Beyond the game itself, the Super Bowl brings with it an annual flurry of water cooler discussion and professional reviews of the advertising winners and losers. Which ads were funny, which were not; which generated online (and offline) chatter; which were the most viewed (and viewed again) on YouTube.

While there is not the same "sport" associated with dissecting and debating the quality and creative appeal of Olympics advertising, the opportunity for marketers to reach a large audience and stimulate a ripple effect for their brands via word of mouth is substantial. This is important for advertisers, because research has shown that advertising drives a substantial volume of word of mouth, and that ad-influenced WOM brings with it more enthusiastic recommendations. When a word of mouth conversation includes references to advertising, it is 20% more likely than other conversations to include an active recommendation to buy or try the brand being discussed. Thus advertising both stimulates word of mouth, and also helps to encourage brand advocacy.

I have written before in this column about the power of sports fans, across multiple sports, to spark conversations with other people about brands and influence their decisions regarding those brands.

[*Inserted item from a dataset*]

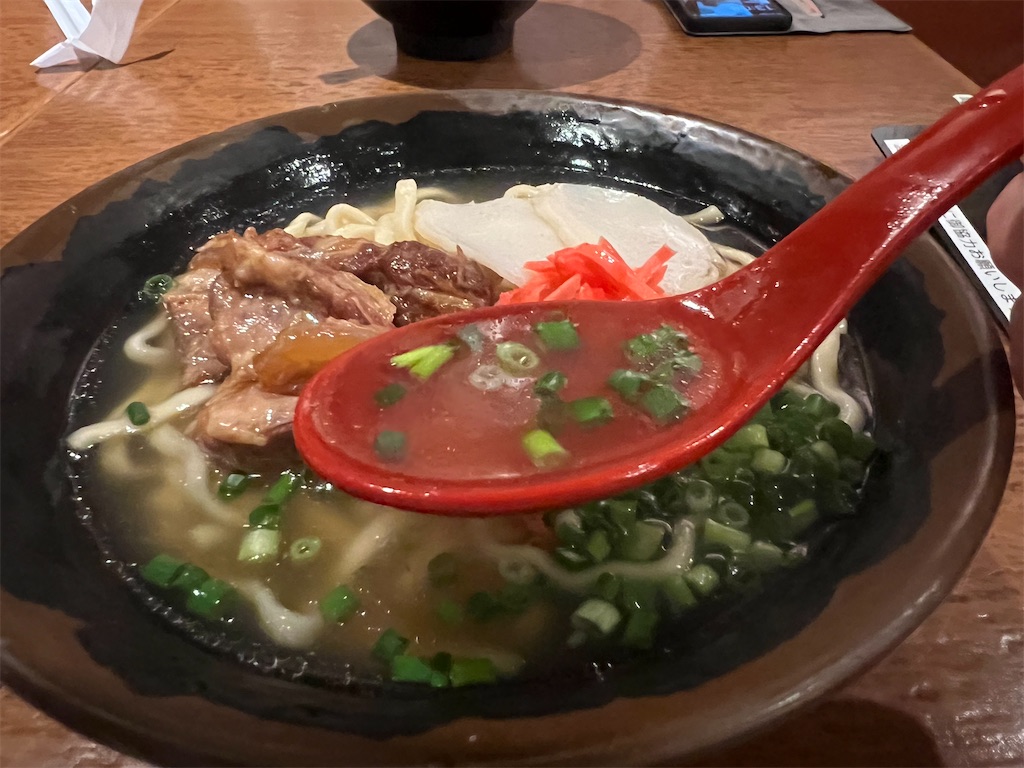 f:id:kukking10chan:20230618132315j:image f:id:kukking10chan:20230618132315j:image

In particular, we have seen in the past that Winter Olympics fans are also nearly two times more likely than the average American to be consumer influencers in nearly every major advertising category.

It is for this reason we were honored when NBC Universal announced that Keller Fay would be part of its "billion dollar research lab" – with a charge to measure the word of mouth impact (offline as well as online) of Olympics advertising.

Results from the early part of the Games, just released, find that less than halfway through the 17 days of Vancouver, the results are already exceeding our expectations, with many more days remaining to build word of mouth momentum.

More specifically, our research found that five days into the Olympics, an average of 3 million more people are talking about each advertiser, compared to a benchmark set during the six weeks prior to the start of the Games. The study was based on a total of 4,211 online interviews with consumers 18 to 54 years of age, including a wave of 1,277 interviews conducted between the Opening Ceremony on February 12 and midnight on Feb. 17. The study utilizes Keller Fay's ongoing TalkTrack® system for measuring all forms of word of mouth, including online, face-to-face, and over the phone conversations.

The study also finds:

Two-thirds (65%) of conversations about advertiser brands were positive compared to only 6% negative, a ratio of 11-1 positive to negative, which compares favorably to the norm of 7-1 in other studies by Keller Fay.

Compared to the pre-Olympics benchmark, advertiser WOM levels were 41% higher, on average, for TV viewers of the Olympics, and 84% higher for people following the Olympics on television and the Internet and/or mobile device. People who are spending 3+ hours following the Olympics each day were 63% more likely to talk about the advertisers compared to the benchmark.

As the Olympics story continues to unfold, there is much more to study and learn: What is the cumulative impact of Olympics advertising on word of mouth and does it build over the course of the Games? What is the impact of cross media exposure? What are the drivers of WOM lifts for Olympic advertisers – including spending levels, creative content, and other relevant variables?

Armed with this information from this large "research lab" that will be shared over time by NBC Universal, advertisers will be able to learn about the "social value" of advertising, in support of more engaging marketing and advertising for their brands. It will also provide advertisers with important new insights into how traditional and emerging "social media" can work together effectively.

Stay tuned.

Ed Keller, CEO of the Keller Fay Group, has been called "one of the most recognized names in word of mouth." The publication of Keller's book,The Influentials, has been called the "seminal moment in the development of word of mouth." Ed can be contacted at ekeller@kellerfay.com.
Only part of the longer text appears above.